Among these factors, recognising the inherent sustainability advantages of public cloud infrastructure over on-premises solutions stands out. This recognition can guide decision-making, prompting the adoption of environmentally conscious solutions and practices within IT operations.

Another crucial aspect is extending the lifespan of technology assets. By keeping technology in use for as long as possible, organisations can reduce electronic waste and minimise the environmental footprint associated with the production and disposal of IT equipment. Implementing practices such as refurbishing, upgrading, and repurposing IT assets can significantly contribute to sustainability efforts.
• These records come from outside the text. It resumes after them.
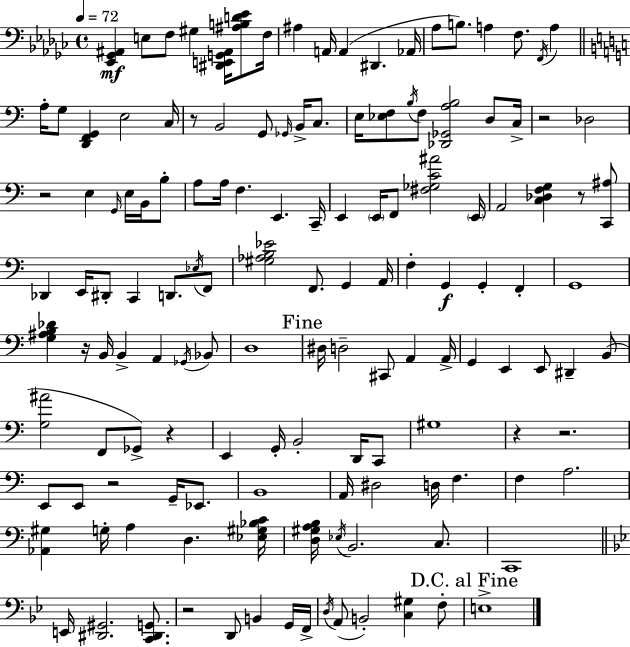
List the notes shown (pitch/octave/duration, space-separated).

[Eb2,Gb2,A#2]/q E3/e F3/e G#3/q [D#2,E2,G2,A#2]/s [A#3,B3,D4,Eb4]/e F3/s A#3/q A2/s A2/q D#2/q. Ab2/s Ab3/e B3/e. A3/q F3/e. F2/s A3/q A3/s G3/e [D2,F2,G2]/q E3/h C3/s R/e B2/h G2/e Gb2/s B2/s C3/e. E3/s [Eb3,F3]/e B3/s F3/e [Db2,Gb2,A3,B3]/h D3/e C3/s R/h Db3/h R/h E3/q G2/s E3/s B2/s B3/e A3/e A3/s F3/q. E2/q. C2/s E2/q E2/s F2/e [F#3,Gb3,C4,A#4]/h E2/s A2/h [C3,Db3,F3,G3]/q R/e [C2,A#3]/e Db2/q E2/s D#2/e C2/q D2/e. Eb3/s F2/e [G#3,Ab3,B3,Eb4]/h F2/e. G2/q A2/s F3/q G2/q G2/q F2/q G2/w [G3,A#3,B3,Db4]/q R/s B2/s B2/q A2/q Gb2/s Bb2/e D3/w D#3/s D3/h C#2/e A2/q A2/s G2/q E2/q E2/e D#2/q B2/e [G3,A#4]/h F2/e Gb2/e R/q E2/q G2/s B2/h D2/s C2/e G#3/w R/q R/h. E2/e E2/e R/h G2/s Eb2/e. B2/w A2/s D#3/h D3/s F3/q. F3/q A3/h. [Ab2,G#3]/q G3/s A3/q D3/q. [Eb3,G#3,Bb3,C4]/s [D3,G#3,A3,B3]/s Eb3/s B2/h. C3/e. C2/w E2/s [D#2,G#2]/h. [C2,D#2,G2]/e. R/h D2/e B2/q G2/s F2/s D3/s A2/e B2/h [C3,G#3]/q F3/e E3/w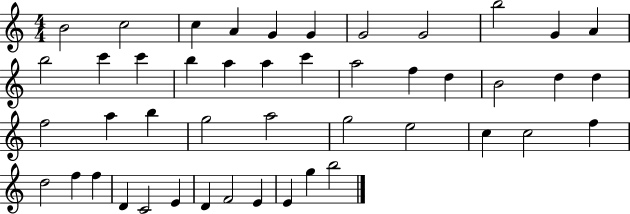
X:1
T:Untitled
M:4/4
L:1/4
K:C
B2 c2 c A G G G2 G2 b2 G A b2 c' c' b a a c' a2 f d B2 d d f2 a b g2 a2 g2 e2 c c2 f d2 f f D C2 E D F2 E E g b2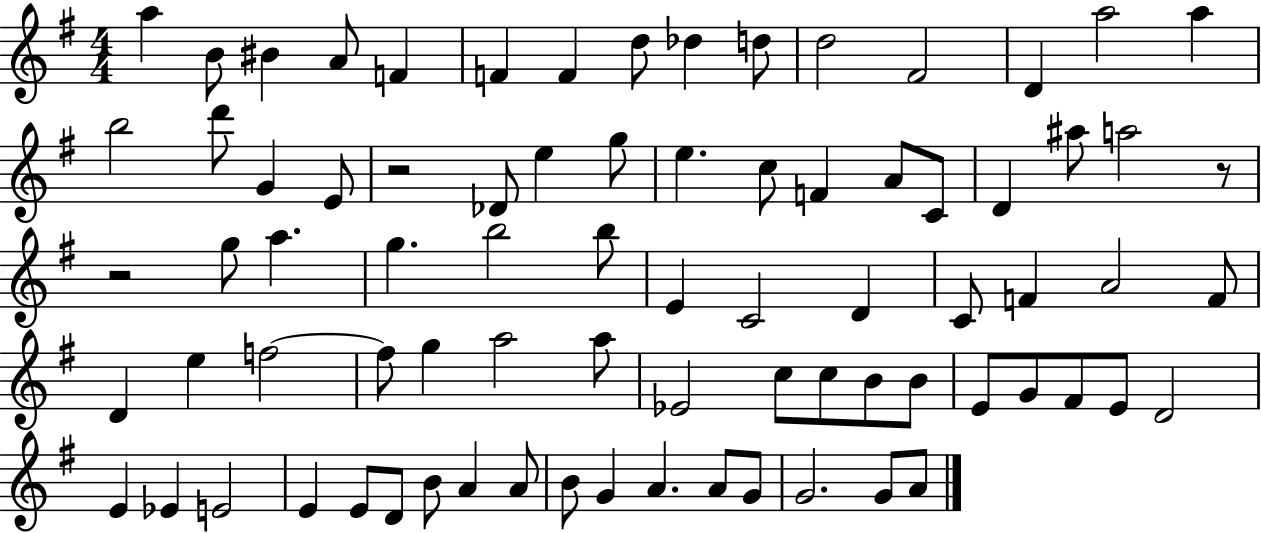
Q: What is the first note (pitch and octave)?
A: A5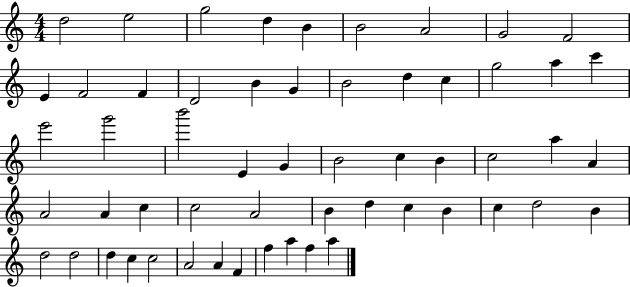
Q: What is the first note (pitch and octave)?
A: D5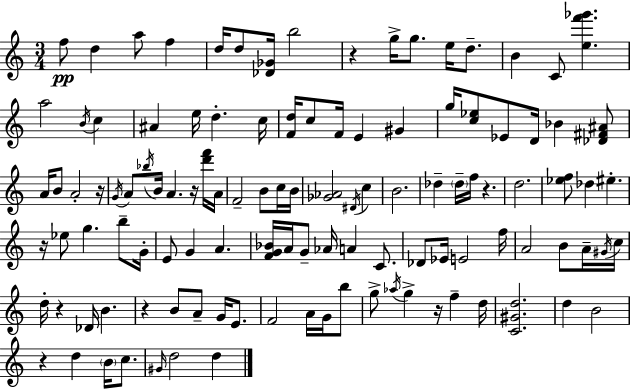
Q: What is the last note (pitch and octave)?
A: D5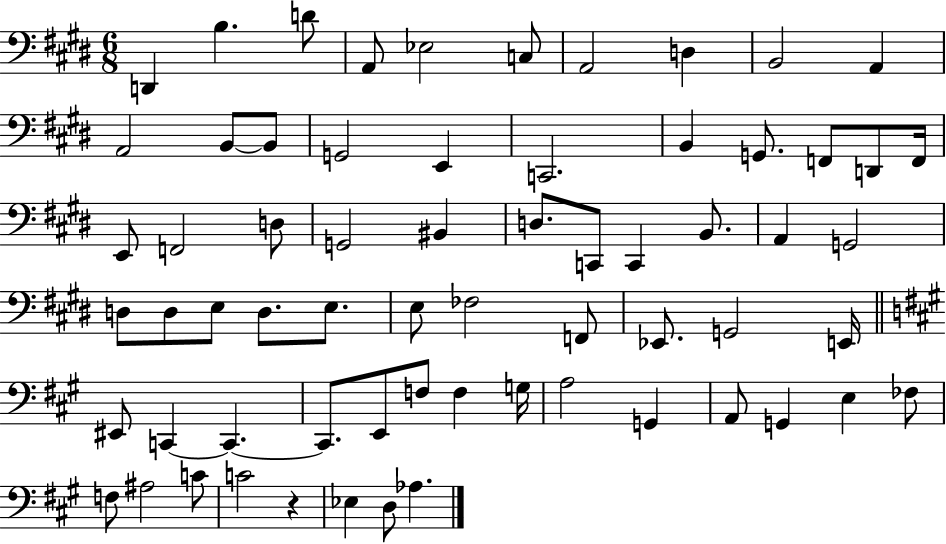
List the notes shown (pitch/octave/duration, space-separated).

D2/q B3/q. D4/e A2/e Eb3/h C3/e A2/h D3/q B2/h A2/q A2/h B2/e B2/e G2/h E2/q C2/h. B2/q G2/e. F2/e D2/e F2/s E2/e F2/h D3/e G2/h BIS2/q D3/e. C2/e C2/q B2/e. A2/q G2/h D3/e D3/e E3/e D3/e. E3/e. E3/e FES3/h F2/e Eb2/e. G2/h E2/s EIS2/e C2/q C2/q. C2/e. E2/e F3/e F3/q G3/s A3/h G2/q A2/e G2/q E3/q FES3/e F3/e A#3/h C4/e C4/h R/q Eb3/q D3/e Ab3/q.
Organisations can contribute to a more sustainable future by incorporating renewable energy sources and energy-efficient technologies into their operations. Leveraging advancements in renewable energy and grid efficiency further enhances the sustainability of IT operations. Strategic decisions, such as waiting for the grid to become more efficient before implementing specific IT initiatives, can align with broader sustainability goals.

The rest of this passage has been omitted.